Regardless of how and when the 19th dynasty mummy mask now in the St Louis Art Museum (SLAM) actually left Egypt, the fact is that it was discovered on a state-funded excavation in 1952 and is documented as having gone from there to the Sakkara storerooms. Mr Benjamin claims that the Egyptian Authorities can provide "no documentation" that "it is stolen" - but they can provide documentation precisely how it came to be where they say it should be. So if we are quibbling about quality of documentation, can the US museum provide documentation showing how precisely it left that excavation and arrived in their galleries? Well, no, in fact it cannot. All it can provide now is a little unverifiable hearsay obtained from the Aboutaam brothers from whom they bought it (at least some of which now turns out to have surfaced only after the purchase).
We are not talking here about something from some unknown farmers' clandestine grave robbing brought back from a rich banker's Nile cruise in the 1880s, but an artefact documented (as even SLAM admits) as having come from a state-funded excavation a few decades ago. It was recovered not by some foreign expedition working in Egypt, but an Egyptian one. This artefact incontrovertably belongs to the Egyptian people, who of course saw none of the cool half a million that this object is reputed to have cost St Louis.
Once these facts became clear in 2006 (when Mr Benjamin was already in the post), the question should not have been "whether" SLAM should return it, but how best to resolve this.

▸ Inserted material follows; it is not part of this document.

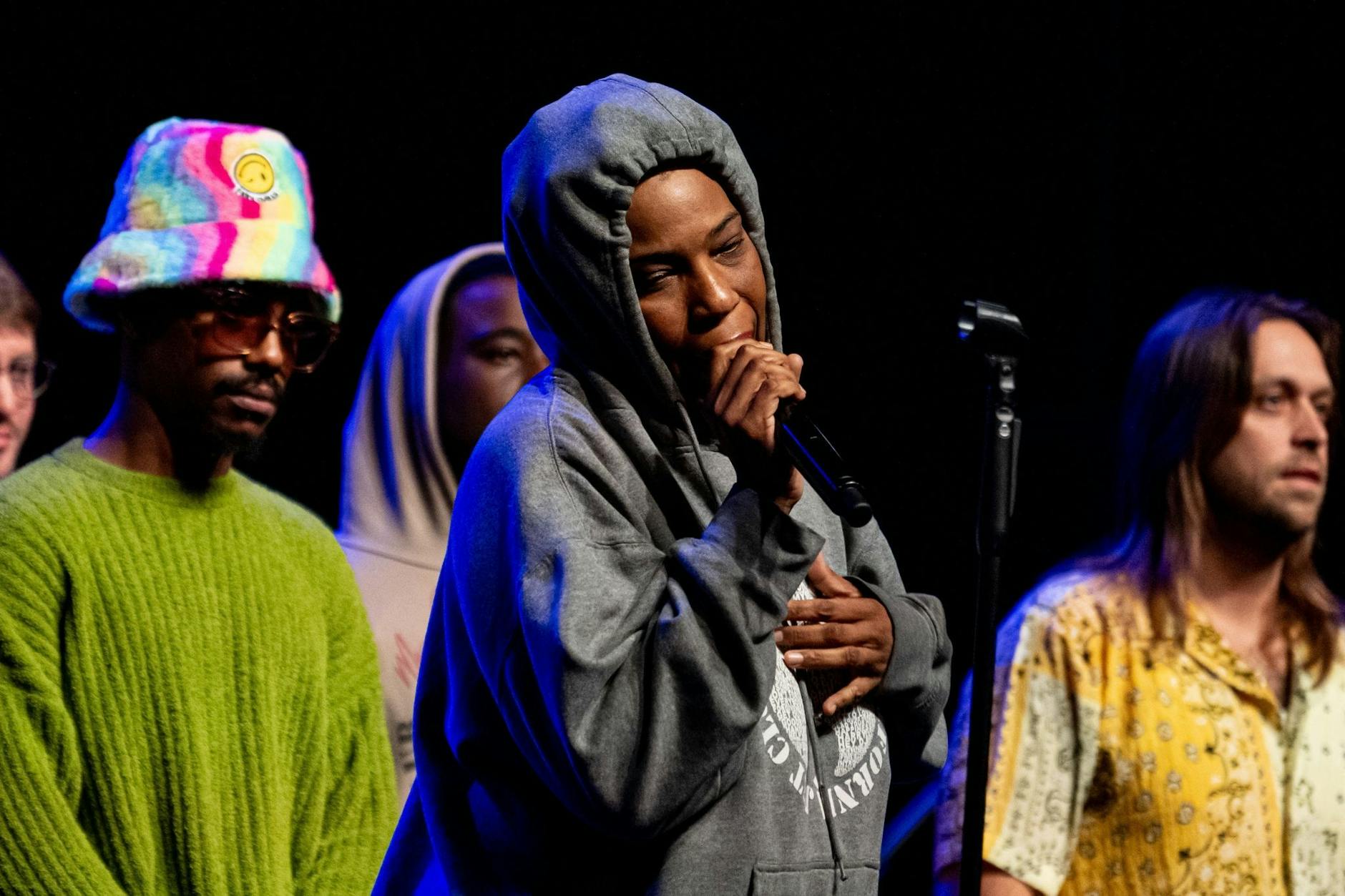 Macy Gray steht auf der Bühne vor ihrer Band und sagt das Deutschlandkonzert im Admiralspalast wegen Krankheit ab.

SLAM's foot dragging really does the image of US museums (and thus the US itself) no favours.
From the comments I have seen in the web recently, I wonder how well public opinion in North America is informed about the background of this case. Some of the dealers and collectors on US-based discussion lists are coming out with some rather ignorant and misguided statements in response to Cremers well-founded anger. It was Cremers who first started the ball rolling back in 2006 and brought attention to this issue.